[Work order]: Reproduce the listing below from the line with "A photo of Weston-super-Mare" to the line with "Thumbnail for [IN-DEV", both lines included, character for character, minus any pictures.
Top of Records for this task
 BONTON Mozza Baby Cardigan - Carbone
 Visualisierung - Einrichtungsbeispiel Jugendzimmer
Bottom of Records for this task
Top of Records for this task
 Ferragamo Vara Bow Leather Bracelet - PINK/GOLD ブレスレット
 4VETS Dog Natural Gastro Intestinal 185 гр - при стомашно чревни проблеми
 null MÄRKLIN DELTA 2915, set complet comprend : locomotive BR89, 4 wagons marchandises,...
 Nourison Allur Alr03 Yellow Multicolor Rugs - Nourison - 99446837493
Bottom of Records for this task
Top of Records for this task
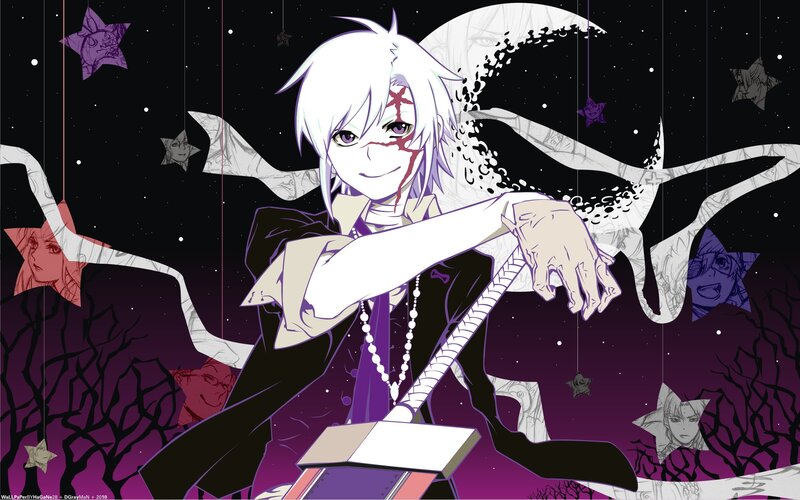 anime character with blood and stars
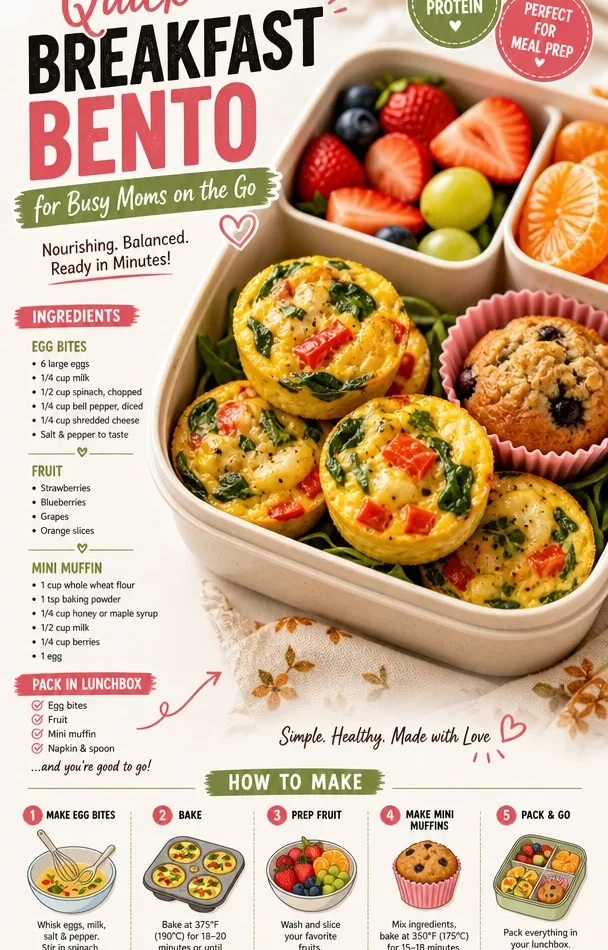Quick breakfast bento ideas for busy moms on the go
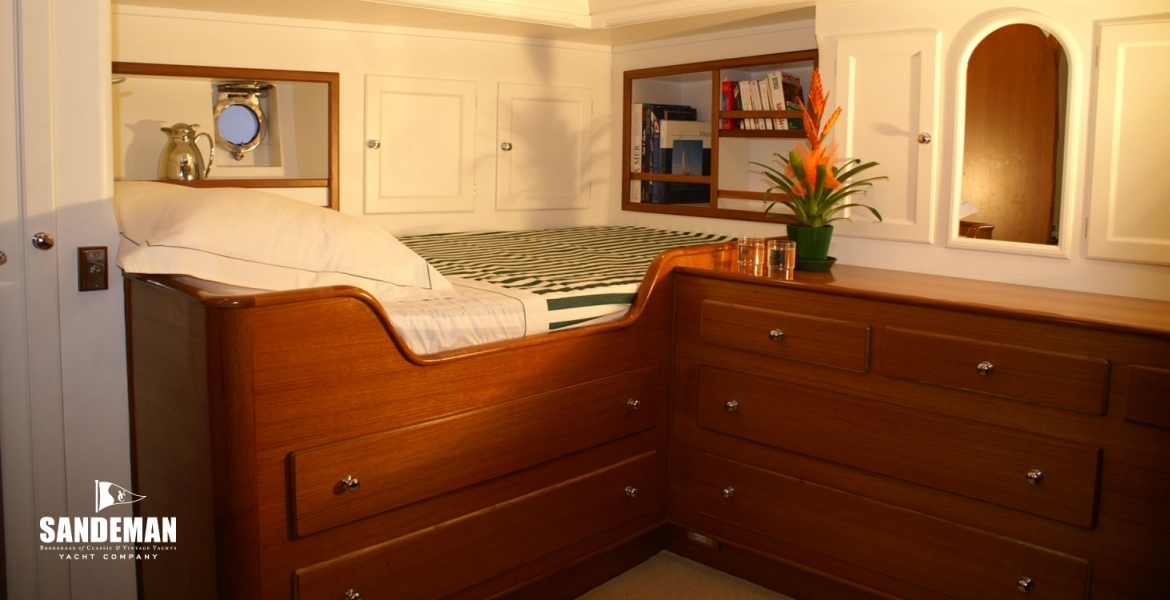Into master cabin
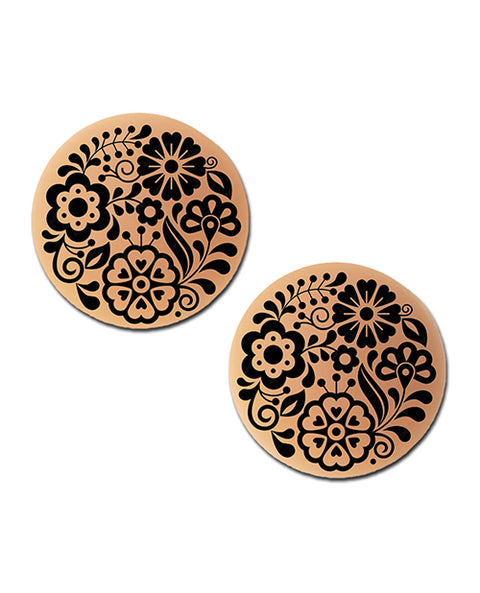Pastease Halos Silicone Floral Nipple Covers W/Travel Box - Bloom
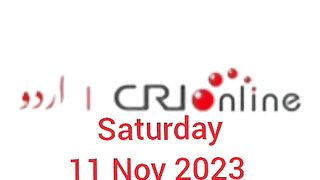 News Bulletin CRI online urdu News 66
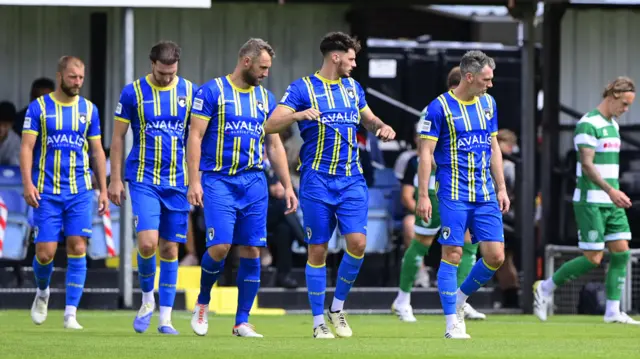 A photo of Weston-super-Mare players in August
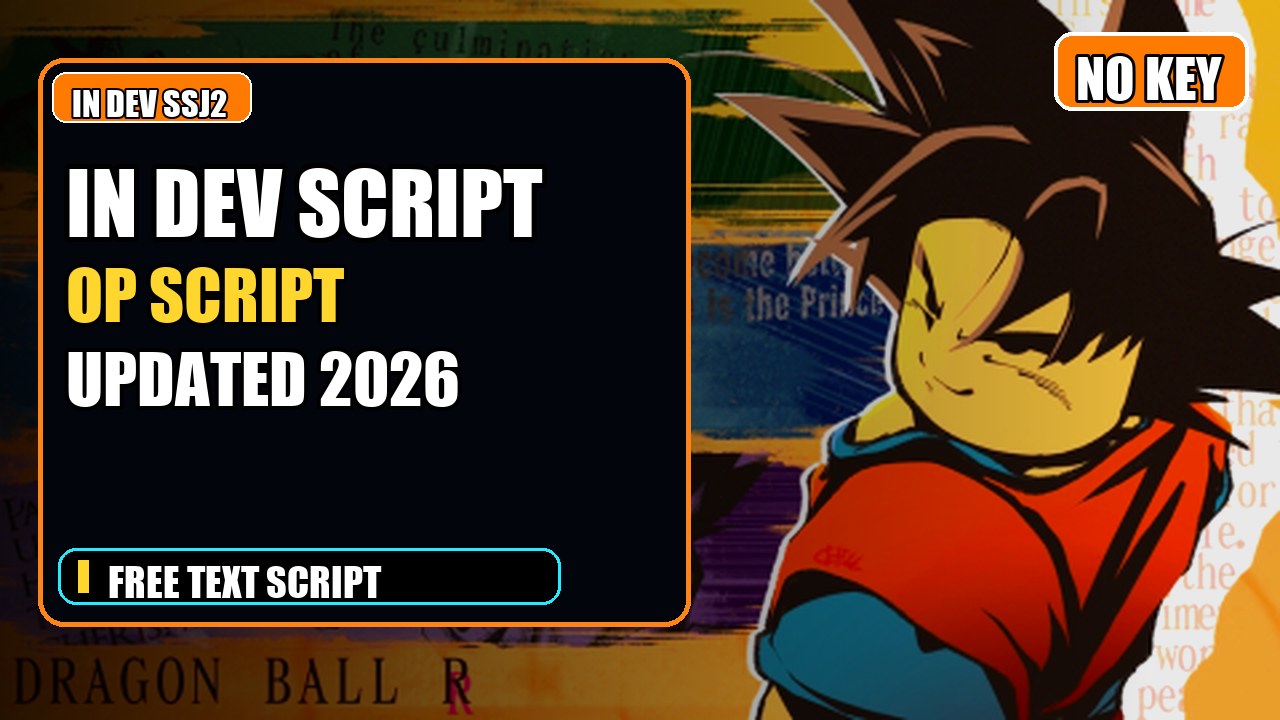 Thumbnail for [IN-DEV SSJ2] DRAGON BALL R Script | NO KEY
Bottom of Records for this task
[Reply to the task]:
 A photo of Weston-super-Mare players in August
 Thumbnail for [IN-DEV SSJ2] DRAGON BALL R Script | NO KEY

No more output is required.